It’s certainly not nice for a Muslim to wake up in Europe, or for that matter, in any part of the non-Muslim world, the day after the Paris attacks. Notwithstanding the fact that violence has no religion, Islamophobes have had a field day finding a Muslim Syrian connection to the attacks. The list of terror attacks involving Muslims is mounting. This still does not make the argument that this is an issue involving Islam per se. Muslims are not the only ones who kill. The violence in Myanmar and Sri Lanka by Buddhists; the brutality of the Hindu Shiv Sena and the RSS against Christians, Muslims and Dalits; or the oppression of Palestinians at the hands of Israelis are just few of the numerous examples of non-Muslims indulging in violence. While there can be no comparisons between acts of violence, perhaps terror acts involving Muslims get noticed more due to their global impact and outreach.

What probably adds to the finger-pointing towards Muslims is that many Islamic countries continue to show weak resolve to fight terror in their own countries, leave alone the terror perpetrated in the rest of the world. Let’s take our own example in Pakistan, where the brutal killing of hundreds of innocent children has not convinced the rulers (civilian and military) to wash their hands completely of violent non-state actors. We continue to provide space to many with a history of involvement in terrorism in the flawed hope that they can be brought into the mainstream. I am not advocating the killing of all such individuals, but an accountability of their past is in order.

Furthermore, instead of looking at acts of terror mainly as some foreign conspiracy, there is a need to resolve ideological-political issues that contribute tremendously to the present state of affairs. Surely, the Islamic State (IS) is a by-product of poor policies of world powers, of Western involvement in Iraq and of the meltdown of some Middle Eastern states. However, it is also the result of the increased legitimacy attached to a particular ideology, the power ambition of some Muslim states, and the larger and more critical issue of the illegitimacy of regimes in Muslims states, measured against certain ideological perimeters.

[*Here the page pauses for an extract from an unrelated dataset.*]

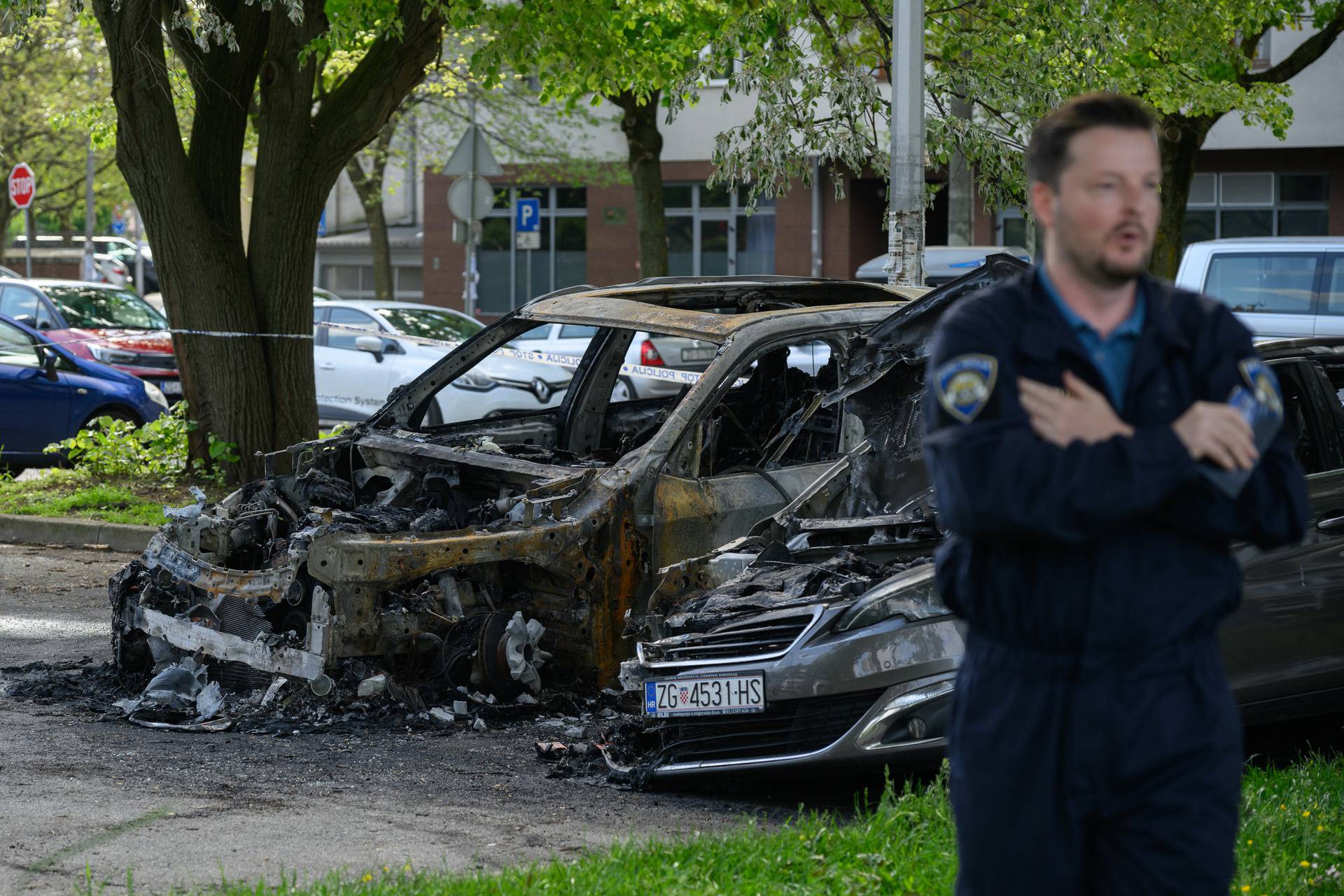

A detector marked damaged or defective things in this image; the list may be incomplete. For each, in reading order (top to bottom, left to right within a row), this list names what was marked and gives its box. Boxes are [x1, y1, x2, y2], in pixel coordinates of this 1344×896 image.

fire damage [81, 260, 1019, 778]
burned car wreck [111, 269, 991, 703]
burned car wreck [622, 258, 1344, 778]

The IS is a third-generation militant movement, which started with al Nusra and al Qaeda in the Middle East. While the latter engaged in the process of creating shock and awe, the IS has moved into the next phase of making territorial gains. Nevertheless, all are focused on establishing a powerful Muslim caliphate that is a military and political expression of their ideology’s dominance over other religions and civilisations. While the identity crisis faced by disempowered Muslim youth, or forces of post-colonialism may work as triggers, the belief system that aims for the supremacy of one ideology over everything else is a critical driver. The use of force in the early days of Islam is cited as the logic for the current illogic of violence. The other dimension of this mindset involves the defining and enforcing of what is perceived as the ‘right’ Islam, which results in internal chaos that we label as sectarianism or sectarian violence.
The entire concept of individual responsibility to wage jihad, which has been deemed necessary by some schools of thought for Islam’s ascendency versus other civilisations, emanates from the issue of legitimacy of the state. Many scholars have invoked individual responsibility towards faith because the states were not seen as performing their duty of enhancing power and it was perceived that the ruling elite had failed to ensure that citizens led their lives on the basis of sharia. The entire concept of offensive and defensive wars or conflict in general, in Islamic history revolves around the issue of legitimacy of the regime and the state.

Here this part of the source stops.